[Dataset entries]
◇ ◇ ◇ ◇
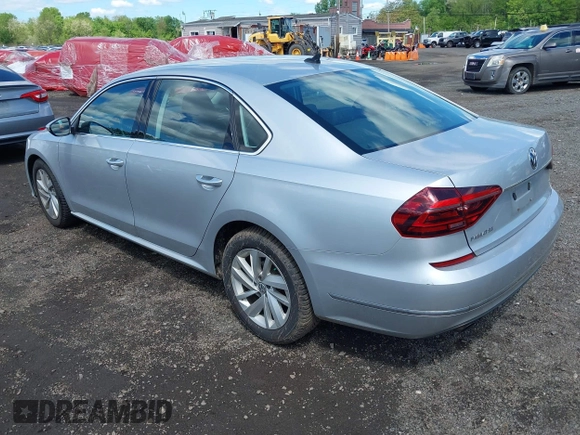 2018 Volkswagen Passat SE z VIN 1VWBA7A38JC004818, wystawiony jako IAAI lot #42205205 z przebiegiem 105 559 mil mil oraz . Historia ofert i sprzedaży dostępna na DreamBid. Obrazek 3.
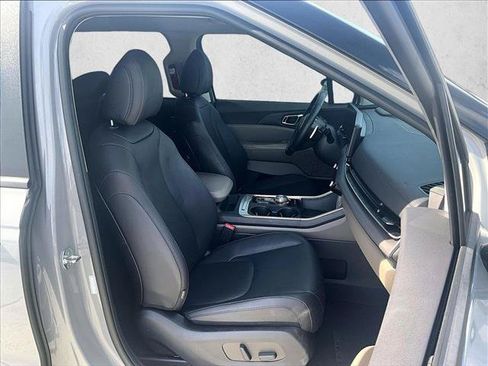 Used 2025 Kia Carnival EX FWD image 9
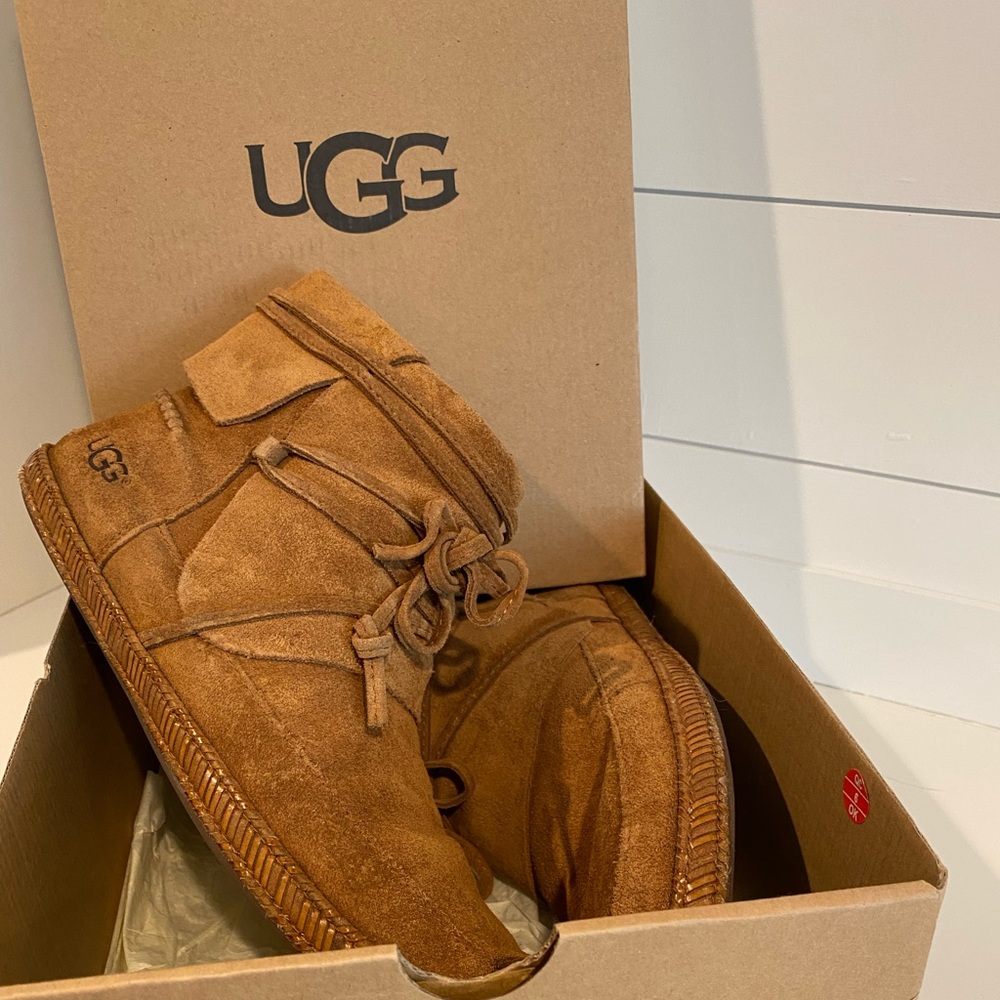Ugg Reid Ankle Booties Size 10 Cognac color like new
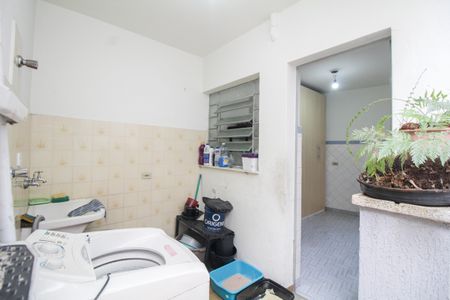 Casa à venda com 120m², 3 quartos e 2 vagas Casa à venda com 120m², 3 quartos e 2 vagasÁrea de Serviço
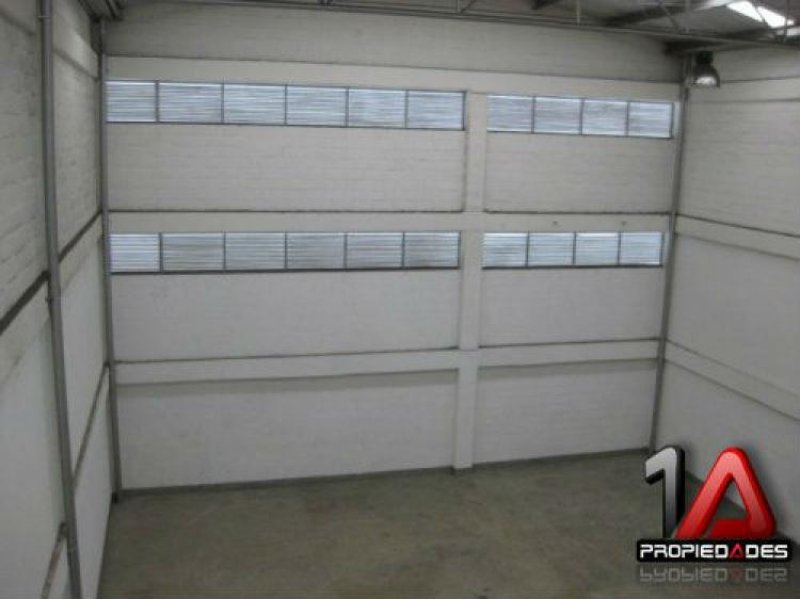 Foto Bodega en Arriendo en La Estrella, Antioquia - $ 4.900.000 - BOA56083 - BienesOnLine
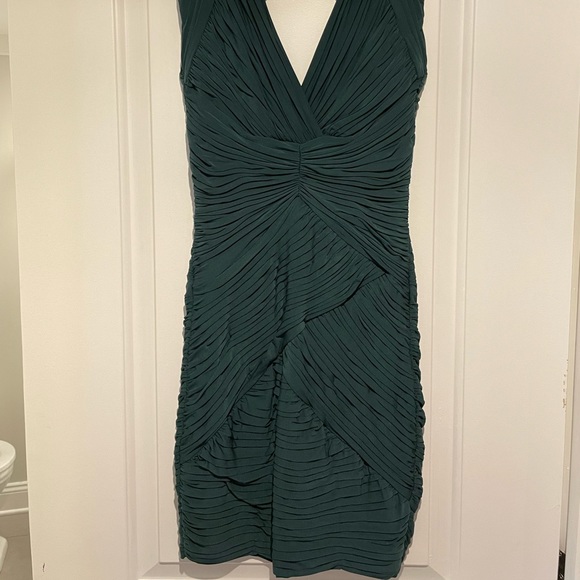 BCBG fitted dress in forest green - Picture 3 of 3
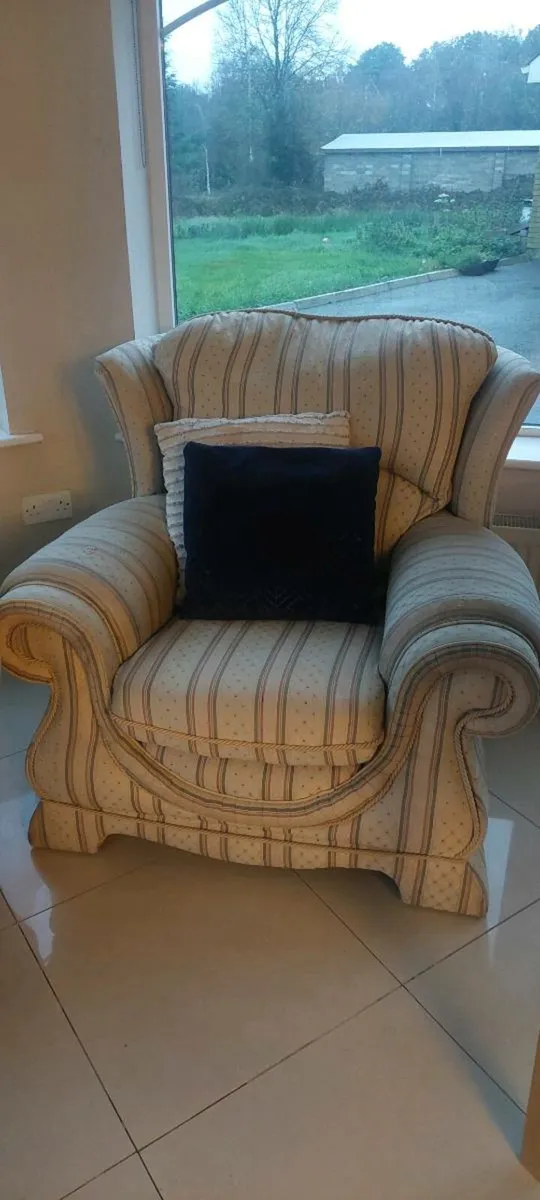 Suite of furniture - Image 3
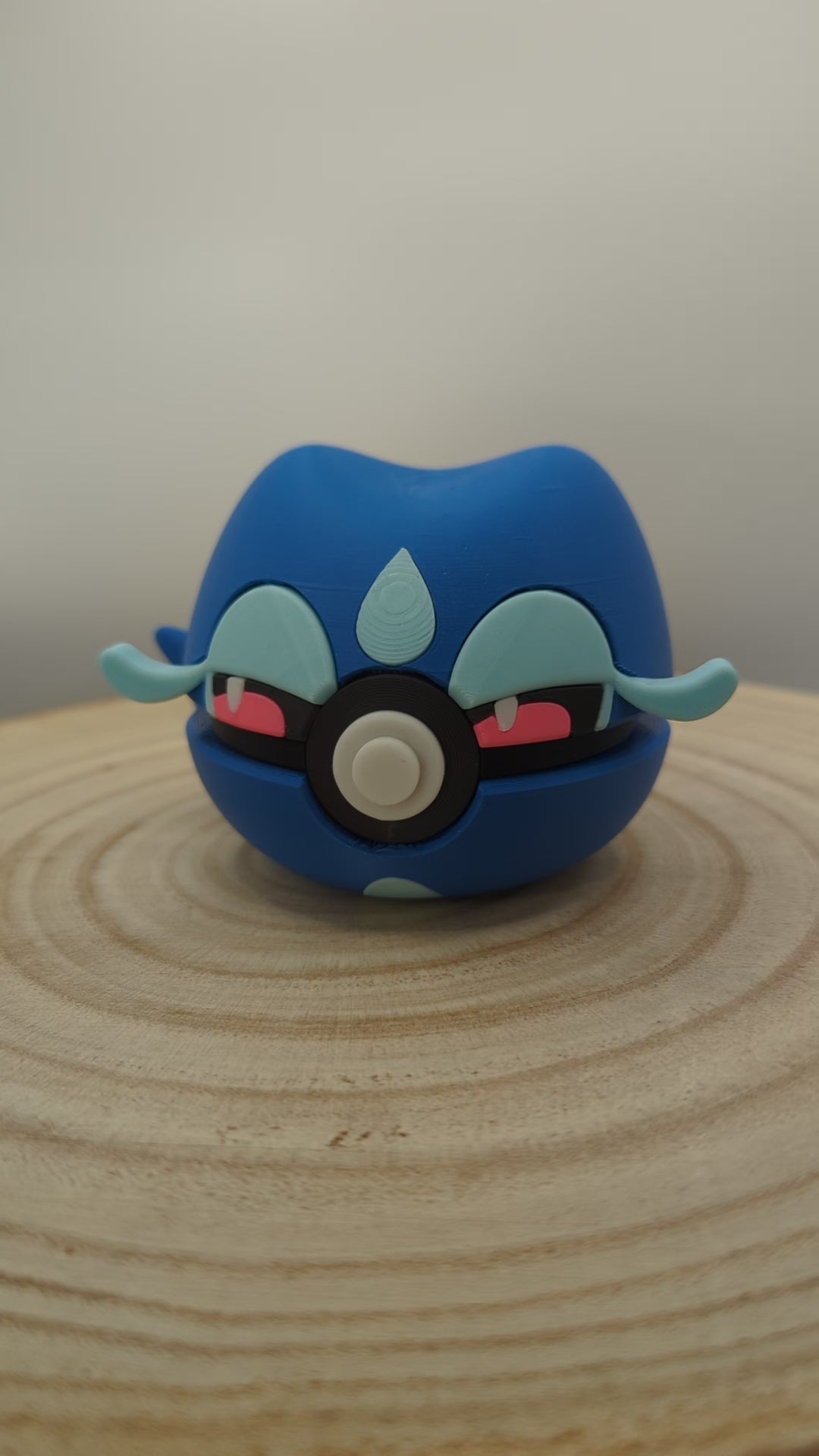 Gecqua Pokéball Display Model – 3D Printed Collectible Figure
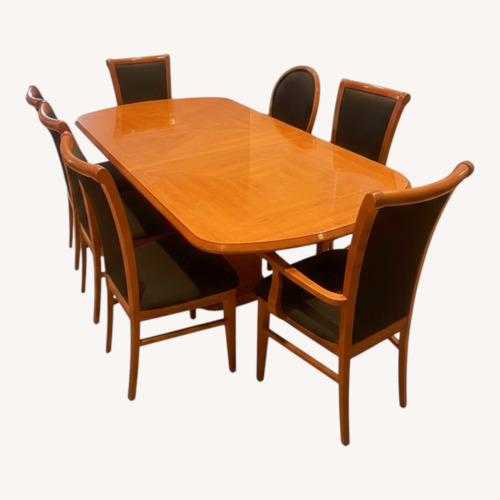 Used Raymour & Flanigan Dining Sets for sale on AptDeco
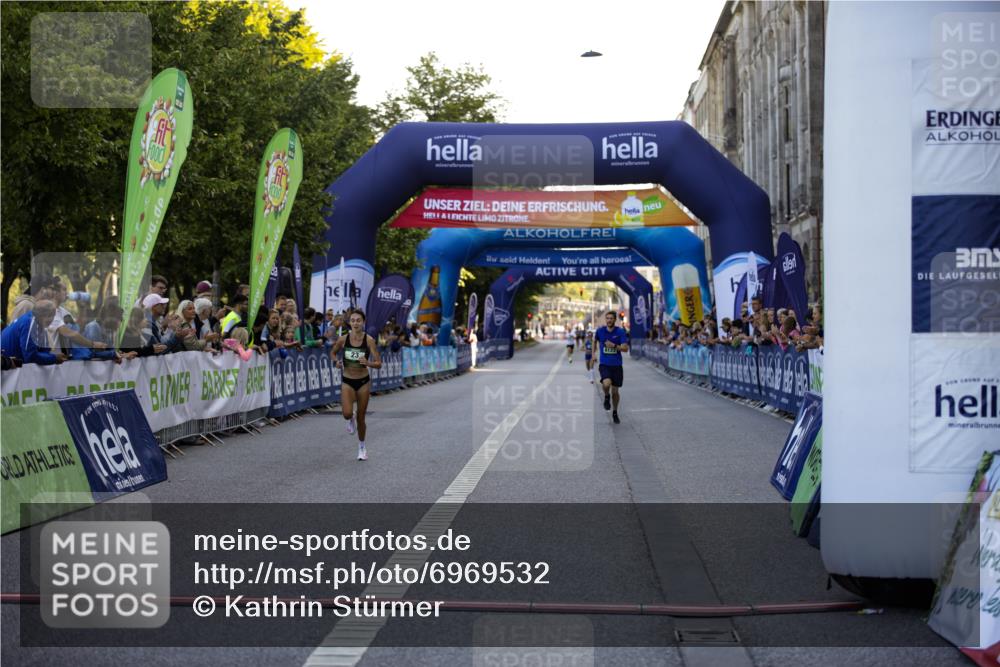 01.09.2024 - BARMER Alsterlauf Kathrin Stürmer Photography http://msf.ph/oto/6969532 01.09.2024 09:34:16 Ziel 2517, 3440, 3943, 4234, 4247, 4426, 4781, 4783, 4828, 5171, 8034, 8080, 8165, 8171, 23, 8123 meine-sportfotos.de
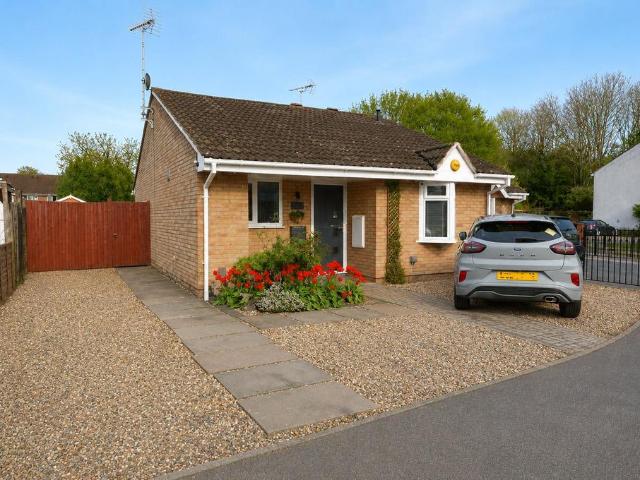 Bungalow for sale in Woodside Estate, Houghton Regis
◇ ◇ ◇ ◇
= Task item =
Return exactly, with no pictures, each line from the one that contains "Suite of furniture - Image 3" through the end of the entries above, both ends included.

= The completed task =
 Suite of furniture - Image 3
 Gecqua Pokéball Display Model – 3D Printed Collectible Figure
 Used Raymour & Flanigan Dining Sets for sale on AptDeco
 01.09.2024 - BARMER Alsterlauf Kathrin Stürmer Photography http://msf.ph/oto/6969532 01.09.2024 09:34:16 Ziel 2517, 3440, 3943, 4234, 4247, 4426, 4781, 4783, 4828, 5171, 8034, 8080, 8165, 8171, 23, 8123 meine-sportfotos.de
 Bungalow for sale in Woodside Estate, Houghton Regis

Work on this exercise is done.